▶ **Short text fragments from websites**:
━━━━━━

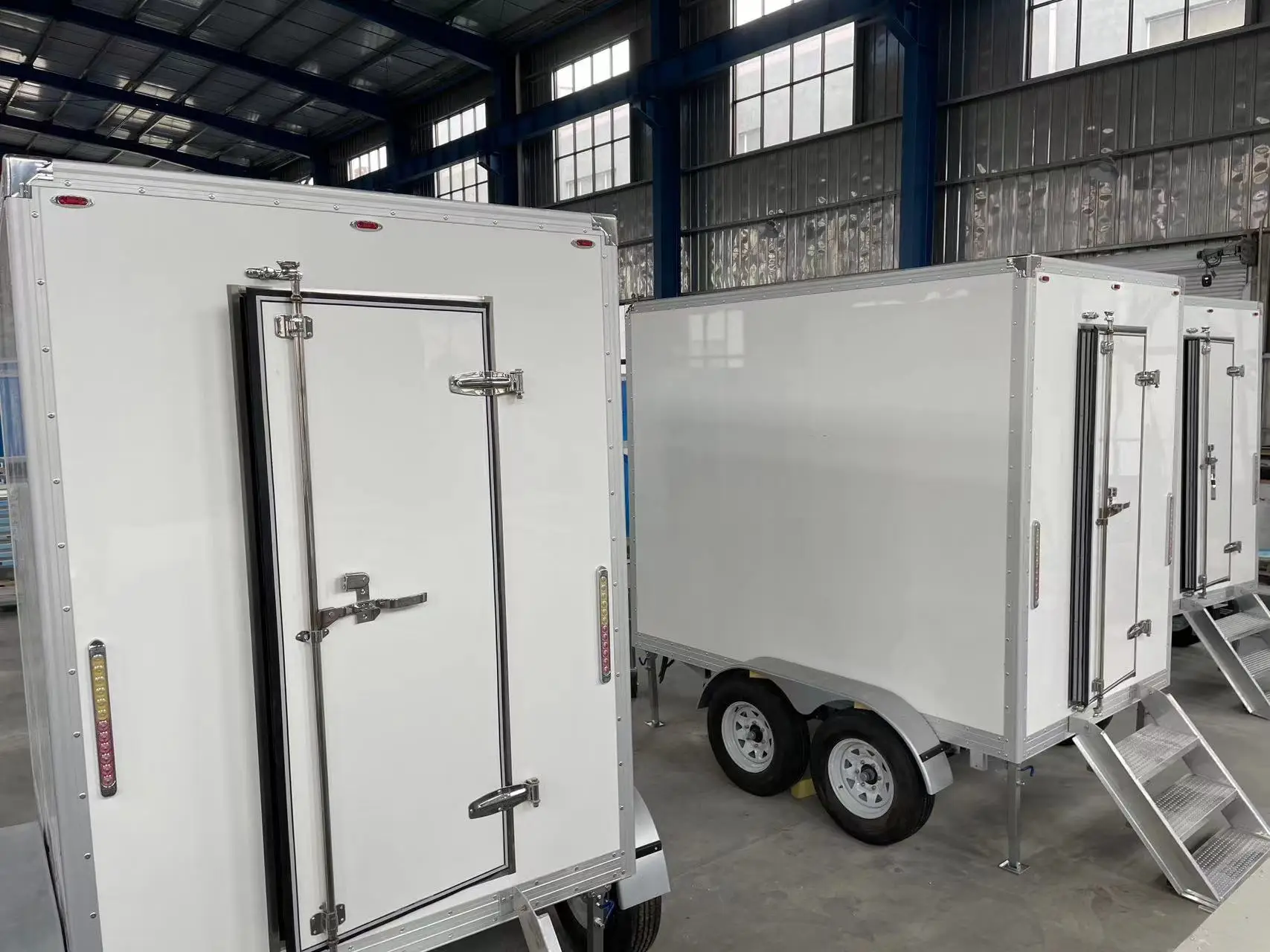 New freezer refrigeration trailer box portable cold room cool room trailer food truck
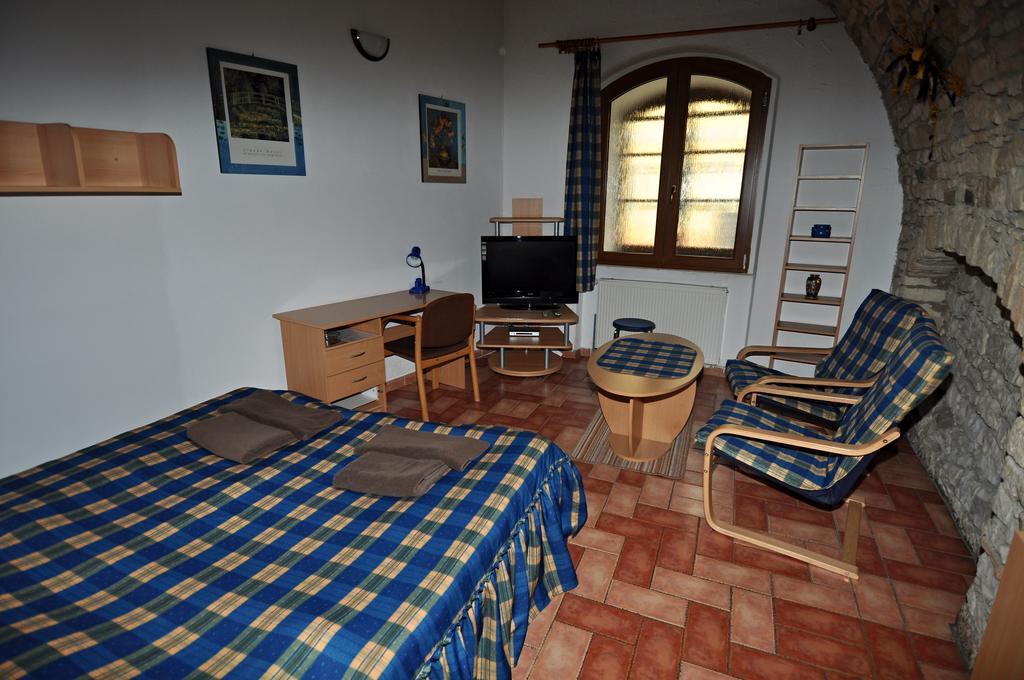 Penzion Na Hradbach Louny Exterior photo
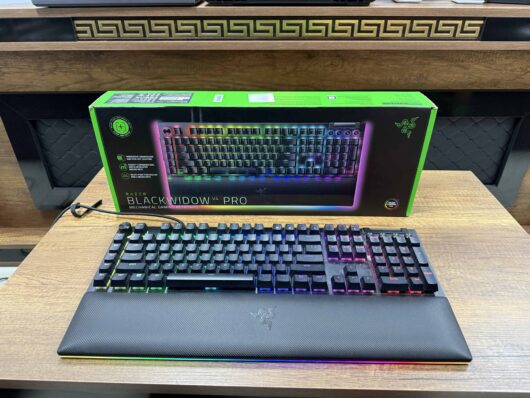 Razer BlackWidow V4 Pro İngilizce Q Green Switch Kablolu Mekanik Oyuncu Klavyesi (İKİNCİ EL) - Görsel 3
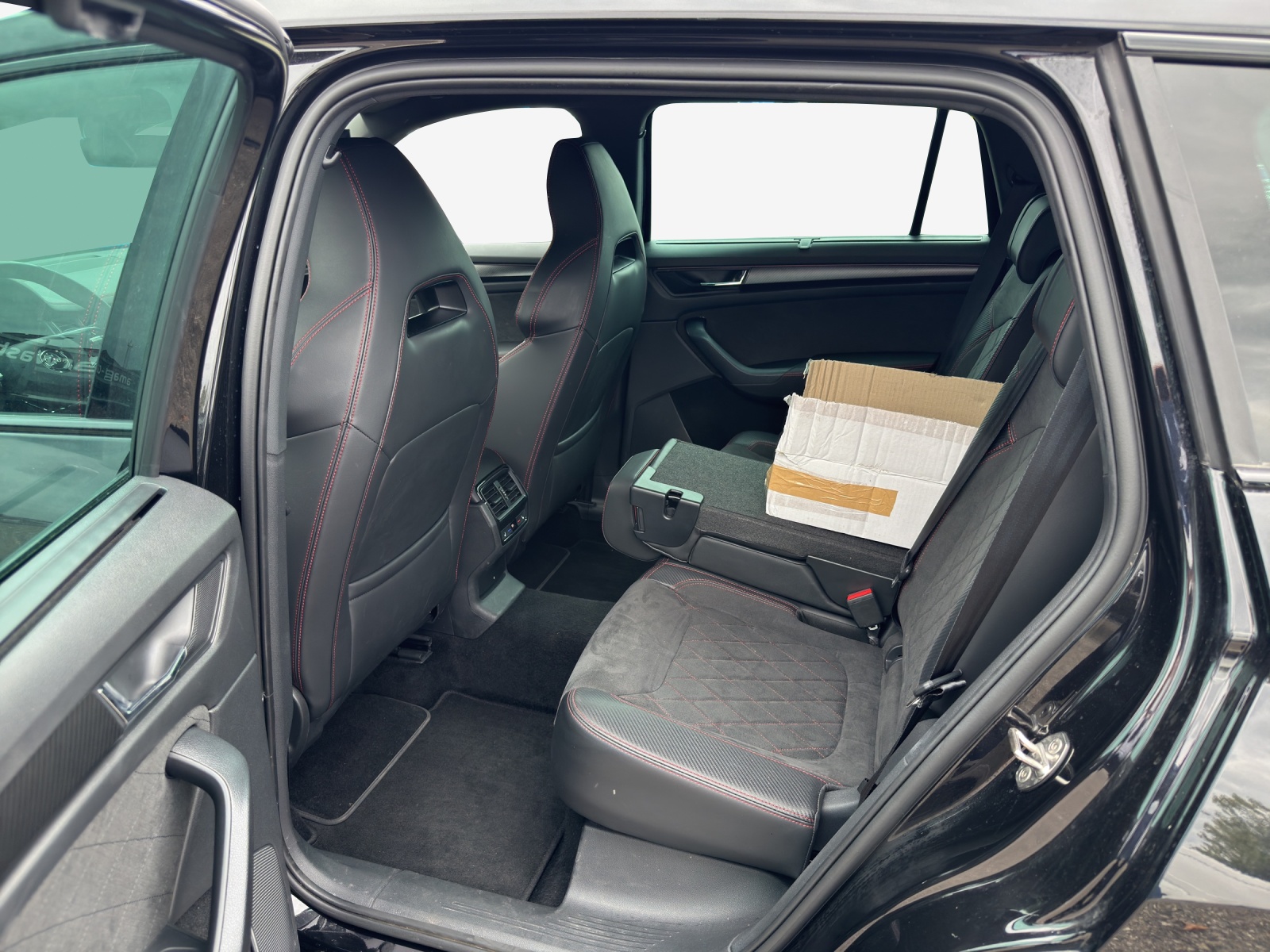 SKODA Kodiaq 2.0 TSI 4x4 RS-image-11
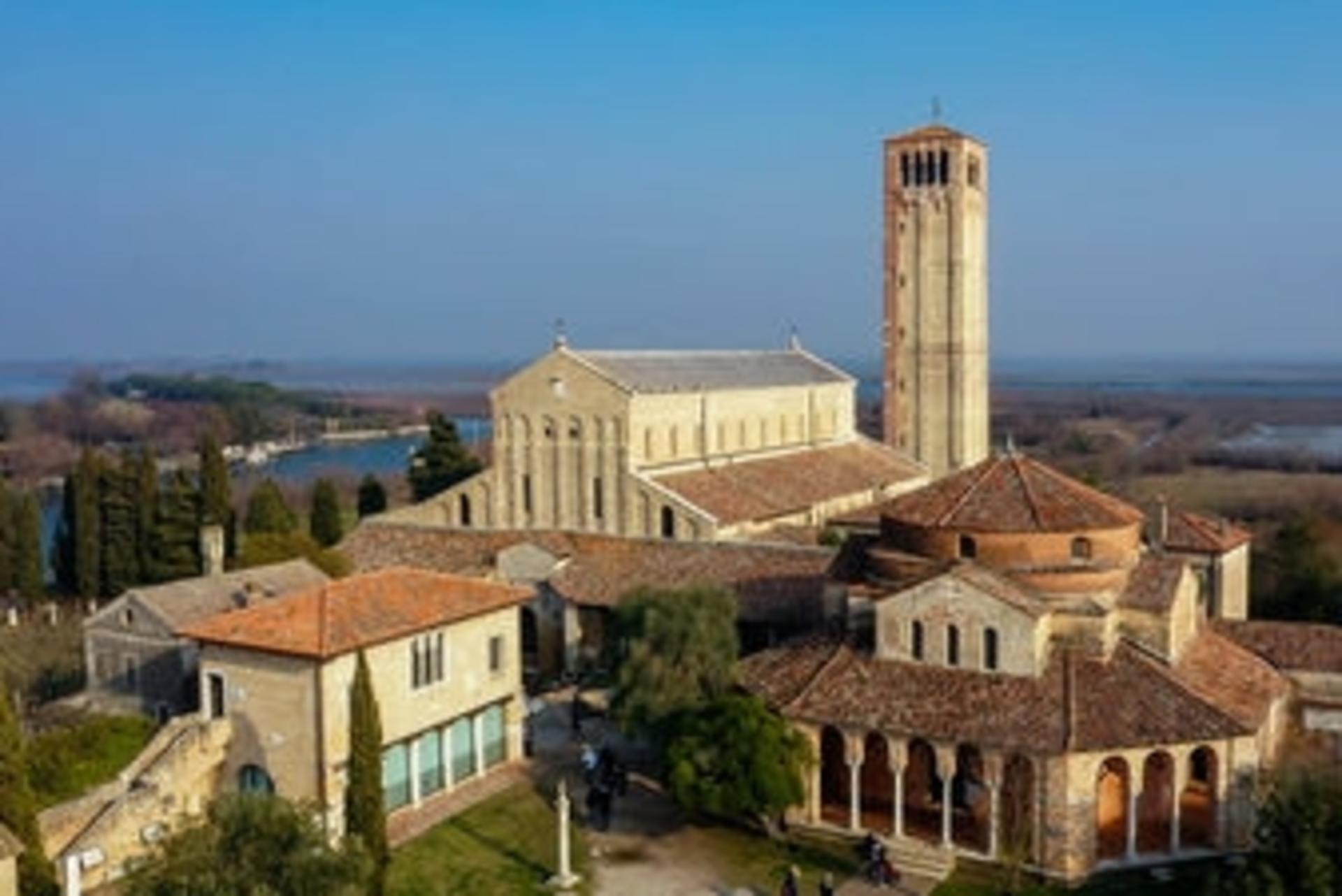 Murano, Burano, and Torcello Islands Tour from Venice - Thumbnail 10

━━━━━━

▶ **What is being asked**: Return the preceding entries verbatim, with the pictures excluded.

▶ **Exercise response**:
 New freezer refrigeration trailer box portable cold room cool room trailer food truck
 Penzion Na Hradbach Louny Exterior photo
 Razer BlackWidow V4 Pro İngilizce Q Green Switch Kablolu Mekanik Oyuncu Klavyesi (İKİNCİ EL) - Görsel 3
 SKODA Kodiaq 2.0 TSI 4x4 RS-image-11
 Murano, Burano, and Torcello Islands Tour from Venice - Thumbnail 10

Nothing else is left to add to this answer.